*WHAT YOU SHOULD DO*.
Repeat exactly, please, the lines that begin at the start of the listing and end at the line holding "Nils extreme Nc3907".

*ENTRIES SHOWN*.

----

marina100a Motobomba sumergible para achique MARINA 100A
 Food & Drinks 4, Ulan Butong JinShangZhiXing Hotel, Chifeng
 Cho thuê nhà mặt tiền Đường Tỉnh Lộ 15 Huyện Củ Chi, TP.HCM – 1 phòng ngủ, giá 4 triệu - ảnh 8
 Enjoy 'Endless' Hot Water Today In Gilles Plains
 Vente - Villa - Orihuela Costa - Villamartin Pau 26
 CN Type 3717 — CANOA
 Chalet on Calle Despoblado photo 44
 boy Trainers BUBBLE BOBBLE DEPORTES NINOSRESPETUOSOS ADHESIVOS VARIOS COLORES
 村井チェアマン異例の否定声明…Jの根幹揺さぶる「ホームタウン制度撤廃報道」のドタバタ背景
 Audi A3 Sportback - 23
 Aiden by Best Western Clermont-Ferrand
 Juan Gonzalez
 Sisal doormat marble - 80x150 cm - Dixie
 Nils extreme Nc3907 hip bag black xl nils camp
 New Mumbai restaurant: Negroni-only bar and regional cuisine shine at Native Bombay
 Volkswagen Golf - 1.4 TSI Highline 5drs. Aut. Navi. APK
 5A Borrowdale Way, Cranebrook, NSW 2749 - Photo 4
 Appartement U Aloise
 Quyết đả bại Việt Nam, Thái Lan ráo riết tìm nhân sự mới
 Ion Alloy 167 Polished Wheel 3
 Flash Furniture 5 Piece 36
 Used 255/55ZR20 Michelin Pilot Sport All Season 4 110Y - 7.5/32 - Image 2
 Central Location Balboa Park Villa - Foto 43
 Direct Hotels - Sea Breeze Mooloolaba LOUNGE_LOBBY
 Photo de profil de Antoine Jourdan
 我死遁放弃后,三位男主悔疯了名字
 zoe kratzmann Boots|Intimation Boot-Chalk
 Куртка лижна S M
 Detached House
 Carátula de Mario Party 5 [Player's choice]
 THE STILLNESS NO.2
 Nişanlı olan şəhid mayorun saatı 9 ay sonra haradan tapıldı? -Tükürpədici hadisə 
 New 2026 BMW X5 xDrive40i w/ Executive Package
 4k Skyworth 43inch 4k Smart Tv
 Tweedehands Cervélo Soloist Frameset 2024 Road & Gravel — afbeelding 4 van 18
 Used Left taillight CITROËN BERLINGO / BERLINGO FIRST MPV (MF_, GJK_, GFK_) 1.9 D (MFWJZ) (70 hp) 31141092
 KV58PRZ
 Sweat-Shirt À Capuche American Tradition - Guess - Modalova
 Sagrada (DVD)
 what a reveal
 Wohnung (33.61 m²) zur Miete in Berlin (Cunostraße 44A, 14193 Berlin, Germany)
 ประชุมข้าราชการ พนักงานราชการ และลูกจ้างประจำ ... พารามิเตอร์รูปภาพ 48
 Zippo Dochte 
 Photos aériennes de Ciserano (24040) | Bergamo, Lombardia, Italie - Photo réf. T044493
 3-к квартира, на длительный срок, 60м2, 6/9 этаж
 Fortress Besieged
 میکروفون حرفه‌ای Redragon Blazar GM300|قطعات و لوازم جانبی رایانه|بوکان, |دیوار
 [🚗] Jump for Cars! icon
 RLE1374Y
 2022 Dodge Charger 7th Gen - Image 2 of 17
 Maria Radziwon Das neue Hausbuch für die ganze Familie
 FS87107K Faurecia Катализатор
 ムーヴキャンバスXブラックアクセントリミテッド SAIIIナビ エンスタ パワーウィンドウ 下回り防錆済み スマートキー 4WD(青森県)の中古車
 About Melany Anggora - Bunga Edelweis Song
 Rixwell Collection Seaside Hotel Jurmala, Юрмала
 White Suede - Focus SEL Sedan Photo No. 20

----

*EXERCISE SOLUTION*.
marina100a Motobomba sumergible para achique MARINA 100A
 Food & Drinks 4, Ulan Butong JinShangZhiXing Hotel, Chifeng
 Cho thuê nhà mặt tiền Đường Tỉnh Lộ 15 Huyện Củ Chi, TP.HCM – 1 phòng ngủ, giá 4 triệu - ảnh 8
 Enjoy 'Endless' Hot Water Today In Gilles Plains
 Vente - Villa - Orihuela Costa - Villamartin Pau 26
 CN Type 3717 — CANOA
 Chalet on Calle Despoblado photo 44
 boy Trainers BUBBLE BOBBLE DEPORTES NINOSRESPETUOSOS ADHESIVOS VARIOS COLORES
 村井チェアマン異例の否定声明…Jの根幹揺さぶる「ホームタウン制度撤廃報道」のドタバタ背景
 Audi A3 Sportback - 23
 Aiden by Best Western Clermont-Ferrand
 Juan Gonzalez
 Sisal doormat marble - 80x150 cm - Dixie
 Nils extreme Nc3907 hip bag black xl nils camp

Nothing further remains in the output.